18) The system of claim 14 wherein substantially matching the current in the branch associated with the NMOS transistor of the complementary differential transistor pair to the current in the branch associated with the PMOS transistor of the complementary differential transistor pair to increase an efficiency of the mixer circuit.

19) The system of claim 14:

wherein the receiver circuit is an RF receiver circuit,

wherein the mixer circuit is a double balanced Gilbert cell mixer, and

wherein the differential input circuit of the mixer circuit comprising the complementary differential transistor pair is implemented in a standard CMOS technology.

20) The method of claim 14, wherein enabling the single ended signal from the single ended output circuit of the amplifier circuit to drive the mixer circuit through converting the single ended signal to a differential signal pair via the complementary differential transistor pair to reduce a circuit size of the signal receiver.

21) A mixer circuit comprising:

a differential input circuit of the mixer circuit to input a single ended signal, the differential input circuit comprising: a complementary differential transistor pair of a differential input circuit of the mixer circuit to convert the single ended signal to a differential signal pair to drive the mixer circuit.

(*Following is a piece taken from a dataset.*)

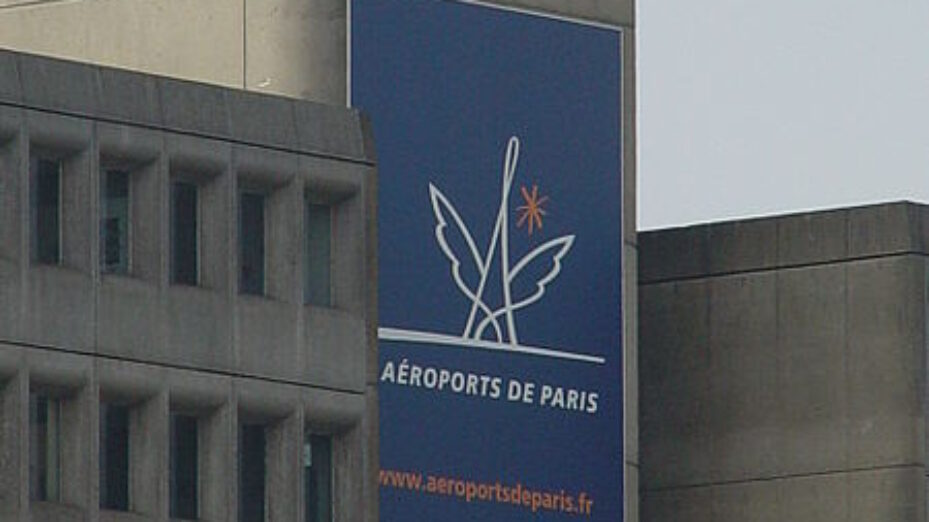 Pancarte_pour_Aéroports_de_Paris_(Paris-CDG)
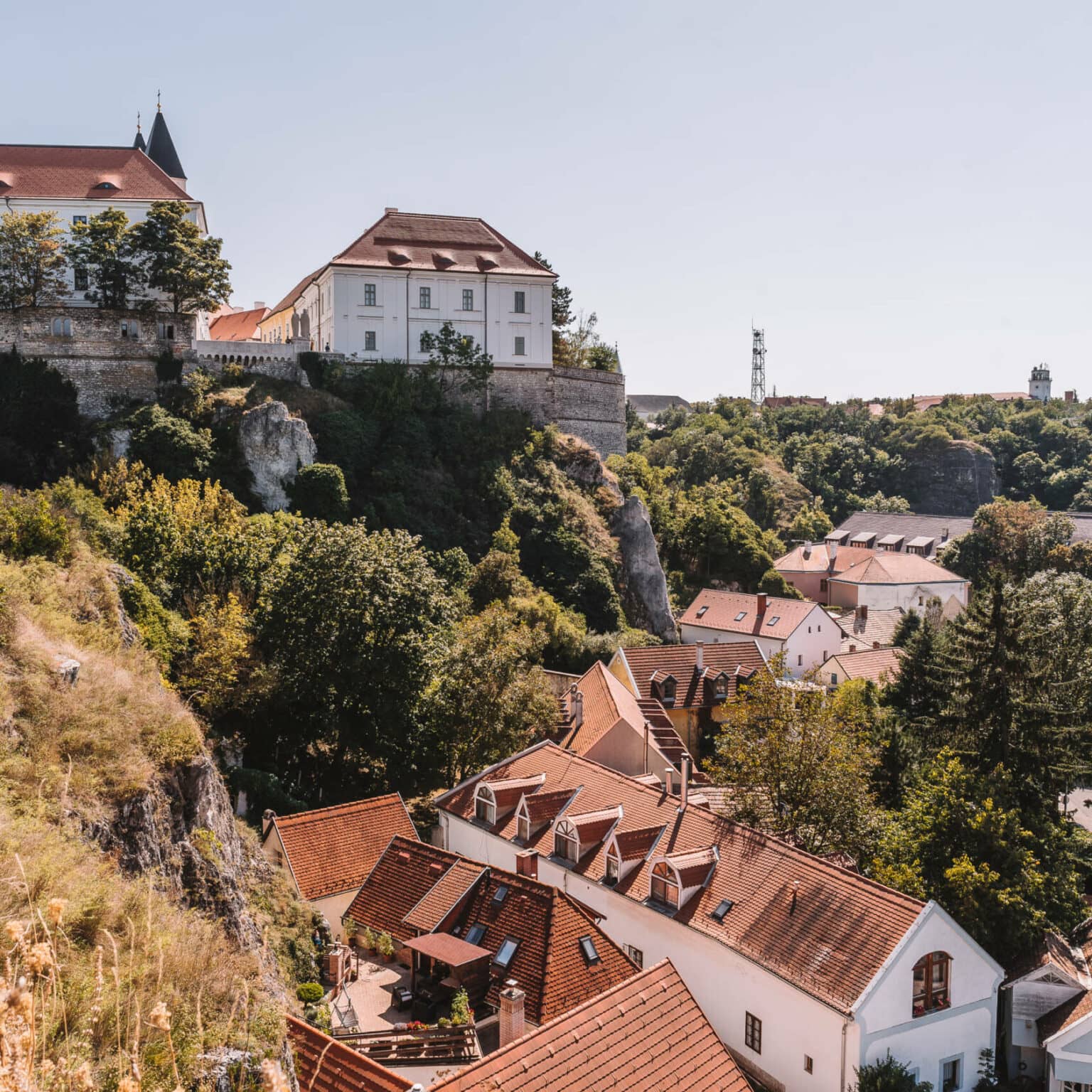 Die Burg von Veszprém in Ungarn thront über dem Städtchen.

22) The mixer circuit of claim 21 further comprising:

a cross coupled multiplier circuit of the mixer circuit coupled to the differential input circuit to multiply the differential signal pair from the differential input circuit with an oscillator signal from a local oscillator circuit that is separate from the mixer circuit through a switching operation of the cross coupled multiplier circuit; and

an output circuit to output the signal resulting from multiplying the oscillator signal with the differential signal pair.

23) The mixer circuit of claim 21:

wherein the complementary differential transistor pair of the differential input circuit of the mixer circuit to generate a differential current in each of a branch of the mixer circuit associated with each of the transistors forming the complementary differential transistor pair,

wherein the complementary differential transistor pair to convert the single ended signal to the differential signal pair compatible with the mixer circuit through generating the differential current via the complementary differential transistor pair, and

wherein the differential current to form a differential signal pair.

24) The mixer circuit of claim 21 wherein the complementary differential transistor pair of the differential input circuit of the mixer circuit to comprise an NMOS transistor coupled to a PMOS transistor.

25) The mixer circuit of claim 21:

wherein the single ended signal to drive the mixer circuit through converting the single ended signal to a differential signal pair via the complementary differential transistor pair,

wherein increasing a voltage of the single ended signal inputted to the complementary differential transistor pair of the differential input circuit to increase the current in the branch associated with the PMOS transistor while the current in the branch associated with the NMOS transistor is decreased simultaneously, and

wherein decreasing the voltage of the single ended signal applied to the complementary differential transistor pair of the differential input circuit to decrease the current in the branch associated with the PMOS transistor while the current in the branch associated with the NMOS transistor is increased simultaneously.

26) The mixer circuit of claim 21:

wherein substantially matching the current in the branch associated with the NMOS transistor of the complementary differential transistor pair to the current in the branch associated with the PMOS transistor of the complementary differential transistor pair to increase an efficiency of the mixer circuit,

wherein the mixer circuit is a double balanced Gilbert cell architecture, and

wherein the differential input circuit of the mixer circuit comprising the complementary differential transistor pair is implemented in a standard CMOS technology.